▶ **Your instructions**: All pictures are to be dropped, and everything else in the data duplicated exactly.

▶ **Dataset extract**:
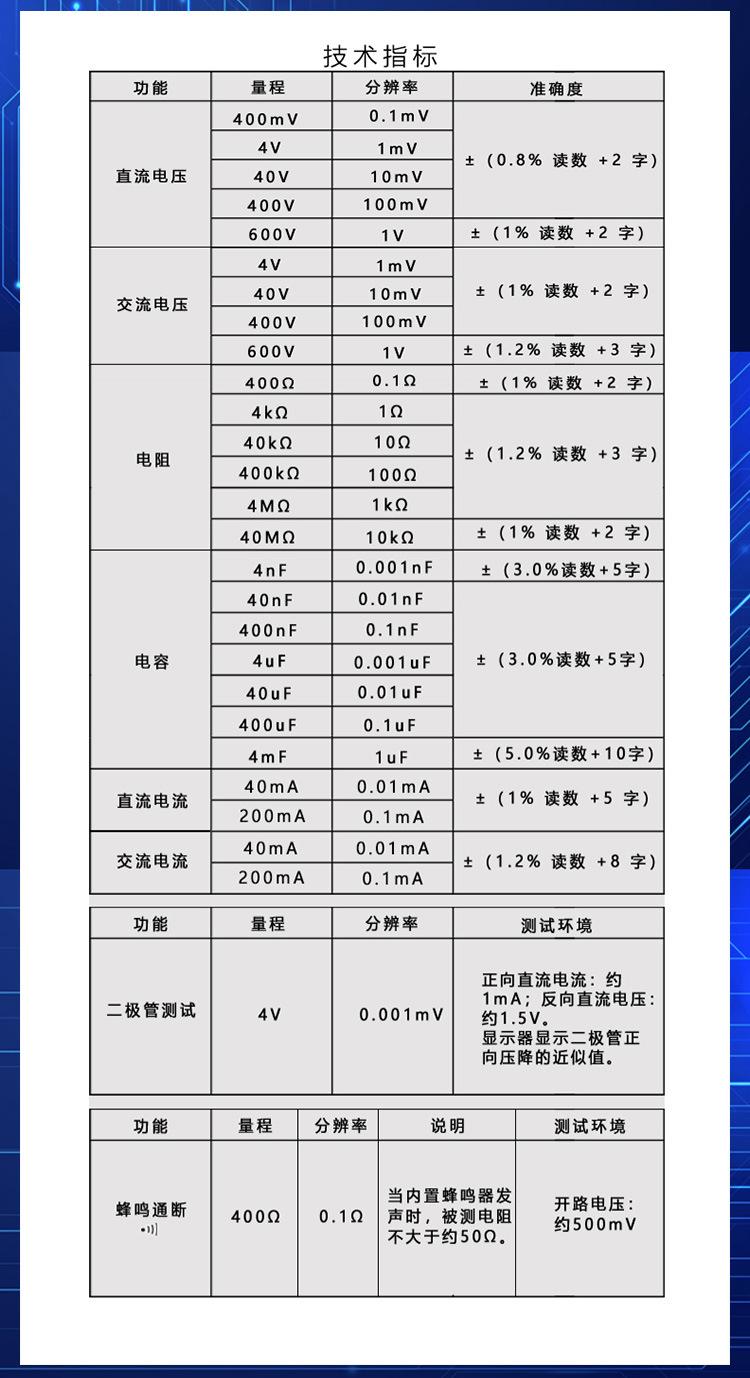 自动万用表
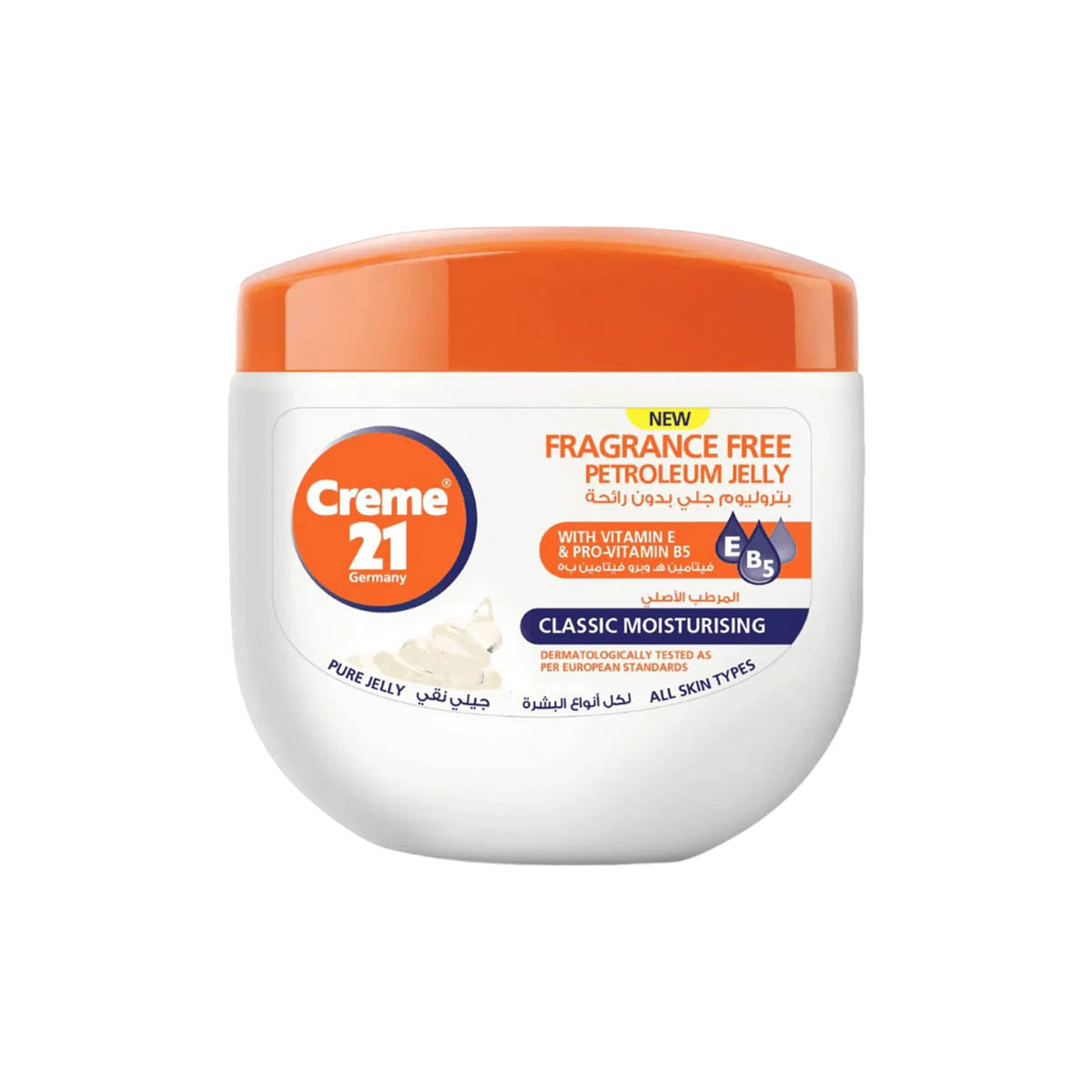 Creme 21 Original Fragrance Free Moisturising Petroleum Jelly 100ml Creme 21 Original Fragrance Free Moisturising Petroleum Jelly 100ml
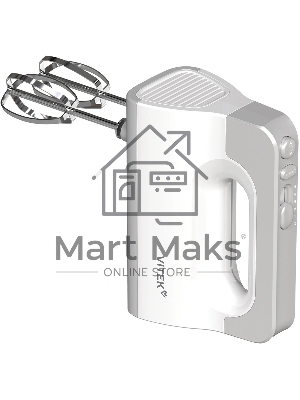 Миксер ручной Vitek VT-HM5001 800Вт белый/серебристый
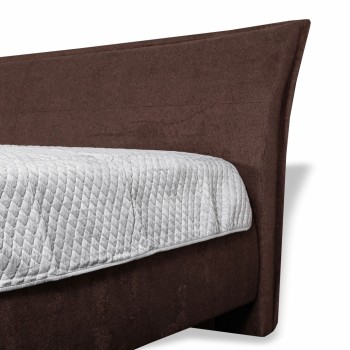 Čalouněná postel VALERIA LUX + lamelový rošt + matrace EMI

▶ **Result for this exercise**:
 自动万用表
 Creme 21 Original Fragrance Free Moisturising Petroleum Jelly 100ml Creme 21 Original Fragrance Free Moisturising Petroleum Jelly 100ml
 Миксер ручной Vitek VT-HM5001 800Вт белый/серебристый
 Čalouněná postel VALERIA LUX + lamelový rošt + matrace EMI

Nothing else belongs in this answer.